Richard Dickmann

Winds of Change –
Minimum Tillage, Keeping the Dust Storms Away

Traditional agricultural practices such as ploughing destroy soil structures and make soils more vulnerable to wind and water erosion. During dry periods, these practices can lead to severe dust storms, which occurred in Australia particularly prior to the 1990s. As a consequence more and more farmers began to adapt conservation agriculture practices such as minimum or zero tillage.

These practices actually helped to reduce the occurrence of dust storms – even during the “Millennium Drought” from 2000 to 2009, but they also changed weed population dynamics. Bayer and the Grains Research and Development Corporation (GRDC) of Australia have teamed up in an innovative partnership to directly target the biggest threat to the Australian minimum tillage system; weed resistance.
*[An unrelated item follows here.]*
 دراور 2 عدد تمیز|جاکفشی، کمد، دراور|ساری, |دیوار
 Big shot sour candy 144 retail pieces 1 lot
Australia is an ancient landscape with highly weathered and largely infertile soils. The climate over most of the continent is comparatively dry and highly variable from year to year. Climate challenges have grown steadily, with a significant, long term reduction in rainfall in the main, southern agricultural areas. These challenges require innovative solutions to keep agriculture productive, profitable, and sustainable. Traditional agricultural practices, like ploughing, destroy the soil structure and make the top-soil, which contains most of the nutrients, more vulnerable to both wind and water erosion, particularly during droughts, when soil cover is low. Thus, fine soil particles can easily be picked up by the wind. The increasing number of dust storms across the cereal belt in the 1980s and early 1990s provided strong stimuli for the uptake of Conservation Agriculture (CA) principles. These principles include minimum or zero tillage, partial or full retention of crop residues to maintain soil cover, and rotation of cereals, oilseeds and legumes. Today, a significant majority of Australian broad-acre farmers grow winter cereals using Conservation Agriculture (CA) principles. Approximately 90% of all fields use some form of minimum tillage.

Richard Dickmann
Richard Dickmann
Richard Dickmann,
Head of Public & Government Affairs, Australia and New Zealand

Reducing tillage meant a significant reduction in energy demand and soil erosion. As a result, during the 10 years of the ‘Millennium Drought’, from 2000 to 2009, there was no major dust storm in southern Australia. Another important aspect of conservation agriculture is the improved soil water availability. Maintaining crop residues and reducing tillage leads to reduced evaporation and increases water infiltration. It also enables earlier sowing, thereby reducing moisture loss to weeds and/or evaporation. Despite hotter and drier conditions driven by climate change, Australian farmers have maintained and even increased their cereal yields, while improving their environment record.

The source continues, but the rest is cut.